Todd Weiler, who specializes in international law, believes that “unconscionable negligence and/or manifest incompetence” on the part of U.S. regulators may have breached the foreign investor protection provisions of several international trade treaties signed by the U.S. government.

If this had happened to Americans in Mexico, there’d be no doubt that those Americans would be bringing a NAFTA claim against Mexico

A request for arbitration and statement of claim the London, Ont. lawyer has delivered to the U.S. Department of State alleges that the U.S. Securities and Exchange Commission was aware of problems at the Stanford Group of Companies (SGC) and at Stanford Financial Group (SFG) as early as 1997. Yet in a “shocking and egregious failure,” SEC officials failed to shut Stanford down until 2009, the claim alleges.

Mr. Weiler alleges that the U.S. refused to take steps to shut Stanford down earlier because U.S. officials believed the majority of Stanford’s victims were not U.S. nationals. The Canadian lawyer argues that international trade treaties, among them the North American Free Trade Agreement, require that the U.S. government treat investors from all signatory countries equally, regardless of their residency.

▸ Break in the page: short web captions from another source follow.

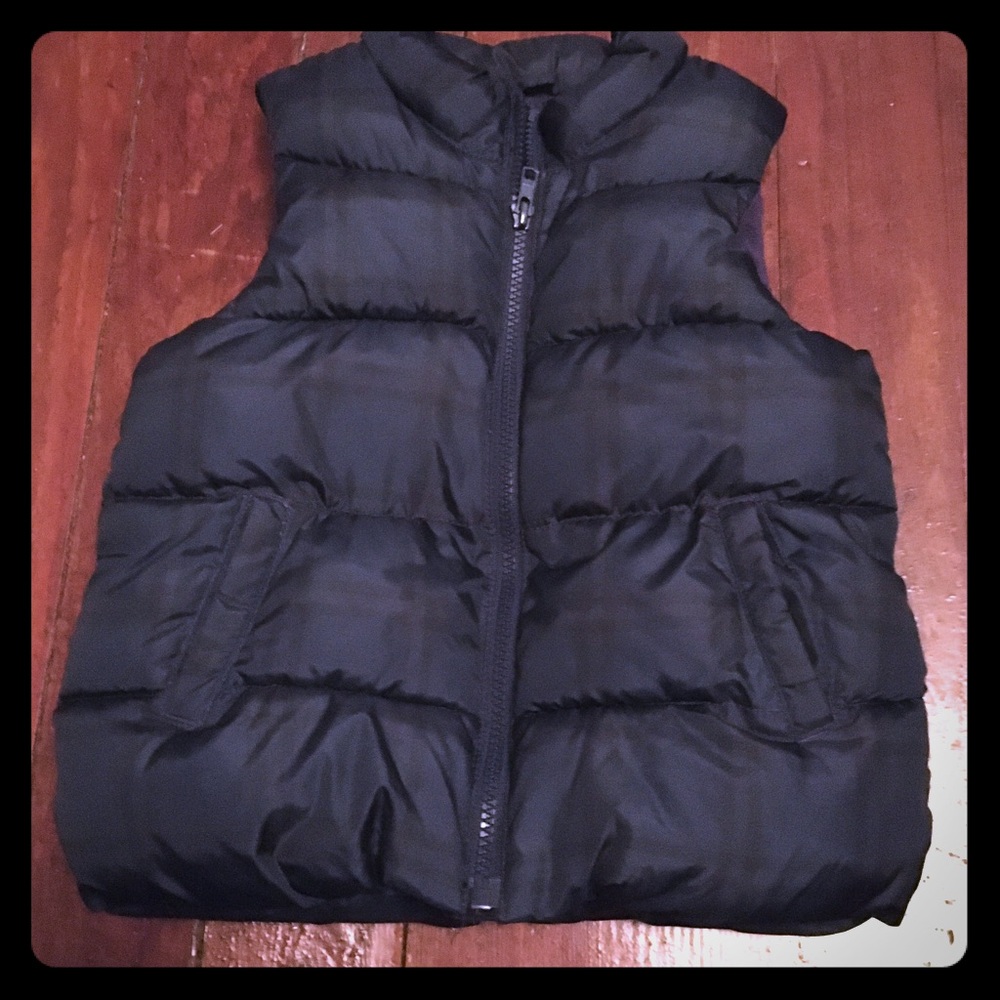 5t Blue and Black Plaid Puffer Vest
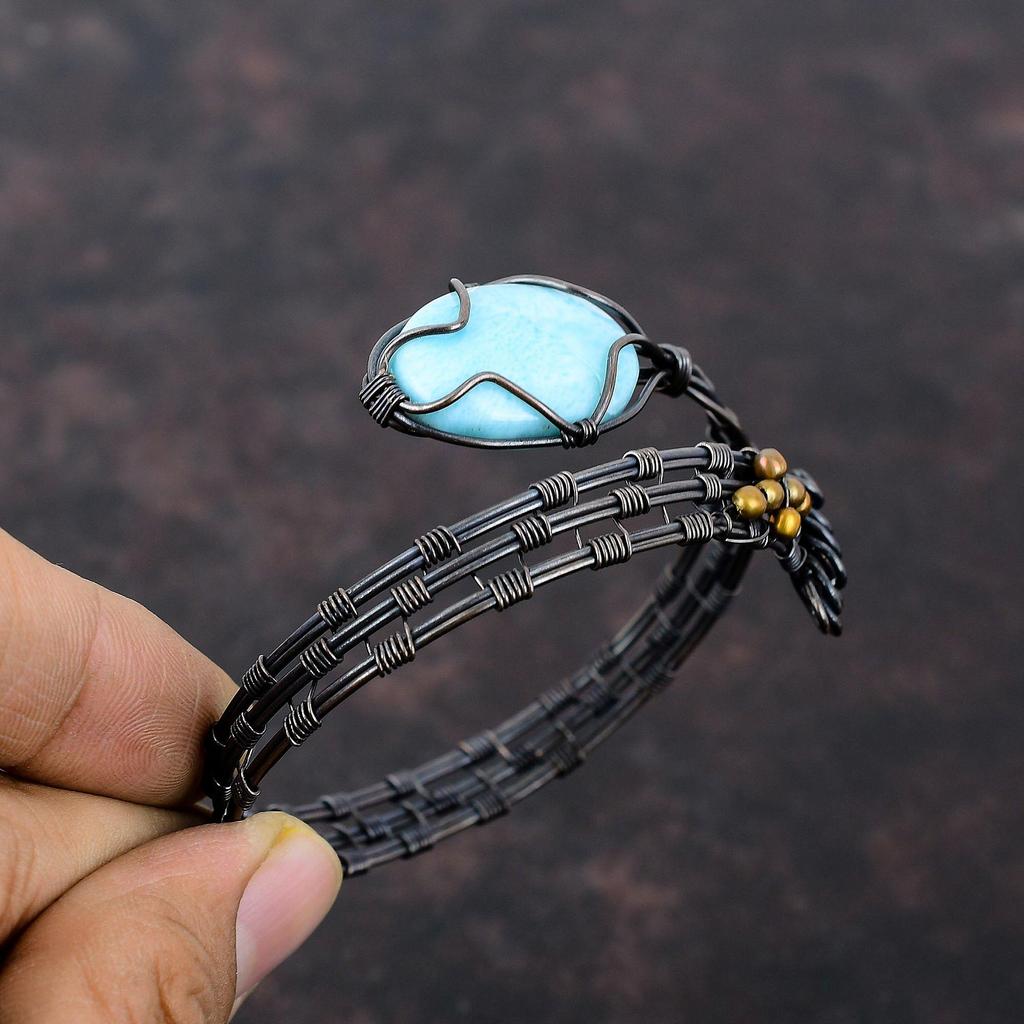 Браслет-манжета Ларимар, обмотанный медной проволокой, регулируемый браслет-манжета, ювелирное изделие, обмотанное медной проволокой, подарок для него, ювелирное изделие из драгоценного камня ручной работы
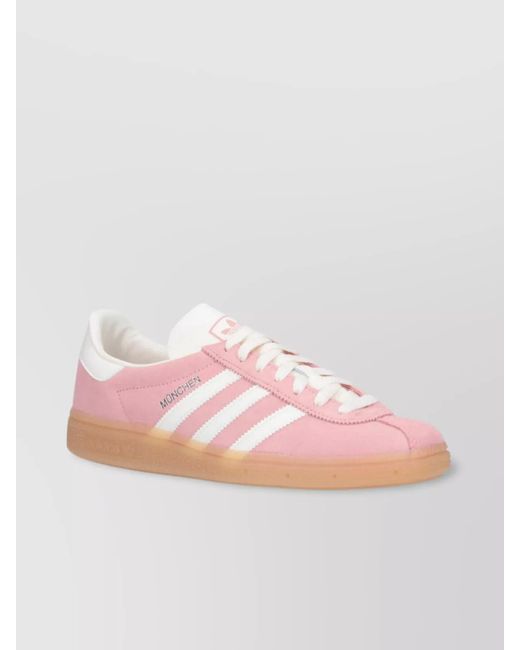 Adidas Pink Leather Low-Top Sneakers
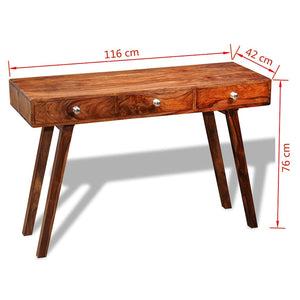 Tavolo Consolle con 3 Cassetti 76 cm Legno Massello di Acacia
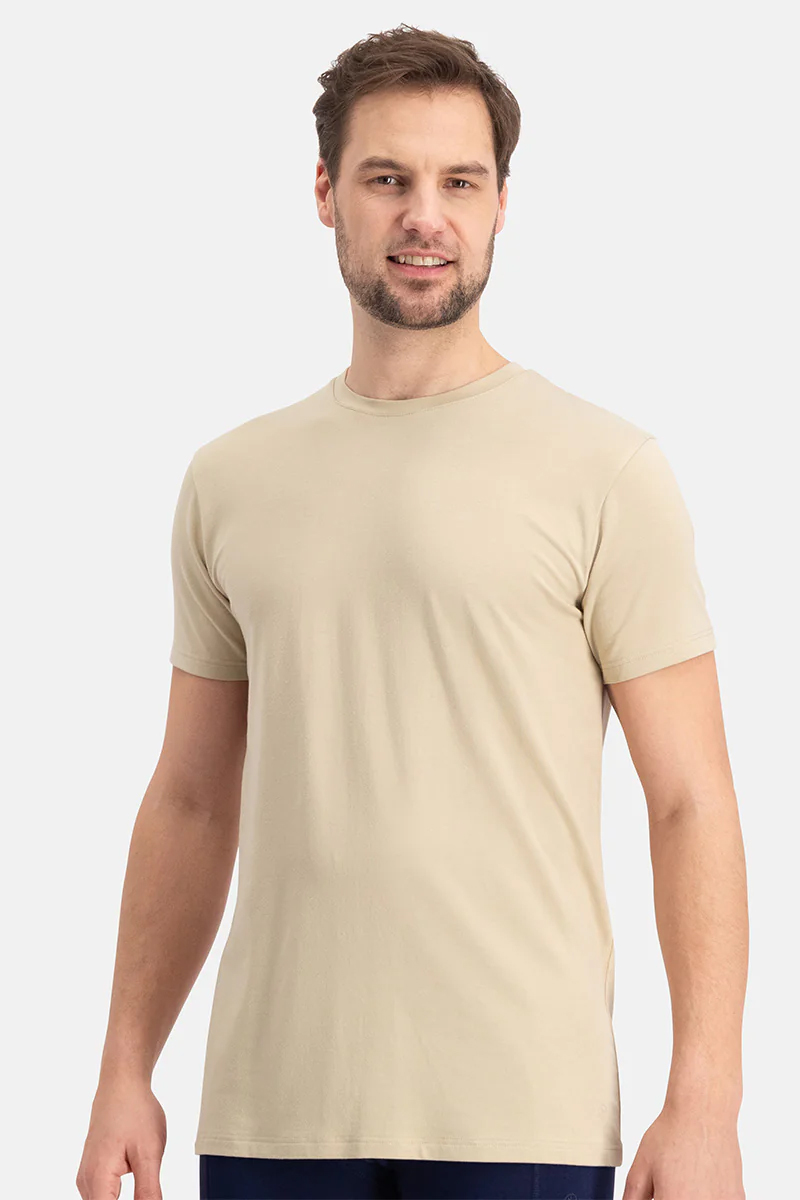 2 pak T-shirt ronde hals Ruben Bamboe heren ondershirt korte mouw Wit Zwart Donkerblauw Huidskleur Witte t shirts hren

“If this had happened to Americans in Mexico, there’d be no doubt that those Americans would be bringing a NAFTA claim against Mexico, and that they would deserve to win,” Mr. Weiler said in an interview. “The Americans have for 100 years used these agreements and other policies to bring other governments to heel and make sure they get this kind of protection and legal security.”

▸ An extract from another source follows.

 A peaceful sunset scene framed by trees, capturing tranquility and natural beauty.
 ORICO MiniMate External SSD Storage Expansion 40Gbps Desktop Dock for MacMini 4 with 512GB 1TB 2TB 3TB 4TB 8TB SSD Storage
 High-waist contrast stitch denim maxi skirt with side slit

The U.S. State Department web site shows that it has received notice of legal actions Mr. Weiler has filed on behalf of Stanford victims from Guatemala, Costa Rica, Dominican Republic, Uruguay, Chile and Peru, and which are brought under various trade agreements the U.S. has signed with those countries. However, the U.S. government has not yet acknowledged on the web site that it has received the NAFTA claim that Mr. Weiler has filed on behalf of Mexican and Canadian residents. All the claims contain allegations that have yet to be proven at a hearing.

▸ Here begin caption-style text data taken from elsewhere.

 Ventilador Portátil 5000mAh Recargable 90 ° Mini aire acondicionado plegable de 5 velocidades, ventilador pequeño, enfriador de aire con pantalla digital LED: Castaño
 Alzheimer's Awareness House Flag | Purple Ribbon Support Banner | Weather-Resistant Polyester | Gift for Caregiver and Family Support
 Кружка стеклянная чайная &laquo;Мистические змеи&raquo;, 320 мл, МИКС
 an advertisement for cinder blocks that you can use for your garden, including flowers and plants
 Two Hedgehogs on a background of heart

A high-flying Texas businessman who built a series of financial institutions in the United States and the Caribbean, Stanford was eventually arrested and charged with fraud in 2009. He had been known as “Sir Allen Stanford” in recognition of his services to the government of Antigua and Barbuda. He was tried in U.S. federal court and sentenced to 110 years in prison upon his conviction for fraud in 2012. His knighthood was revoked in 2010.

Investors who placed funds with Stanford International Bank received “certificates of deposit” or CDs that were supposed to be low risk investments that offered generous returns. The scheme took in more than US$7-billion. Some 21,000 investors from around the world were taken in.

SEC officials, who are responsible for protecting the investments of investors, acted with unconscionable negligence

Stanford’s activities caught the attention of U.S. regulators as early as 1997, a mere two years after the Stanford Group of Companies registered with the SEC in 1995, according to a report completed in 2010 by David Kotz, who was at the time the SEC’s inspector general. The NAFTA claim filed by Mr. Weiler relies on that report, which concluded that the SEC could have sought legal action to shut down Stanford years earlier than it did.

“SEC officials, who are responsible for protecting the investments of investors such as the claimants against criminal enterprises such as SFG, acted with unconscionable negligence and or manifest incompetence, causing millions of dollars of losses to the claimants as a result,” the claim states.

Because Mr. Weiler’s claim is structured as a proposed international arbitration, the legal action is open only to non-U.S. residents from countries with which the U.S. has signed trade agreements. Mr. Weiler says the action, which he is bringing in conjunction with several other lawyers from the United States, could include “several thousand” clients.

Other third parties have been targeted for their connection to Stanford. Liquidators of Stanford International Bank have sued Toronto-Dominion bank in Quebec and other jurisdictions on the theory that, as Stanford’s banker, TD should have known the Texan businessman was up to no good. TD denies the allegation.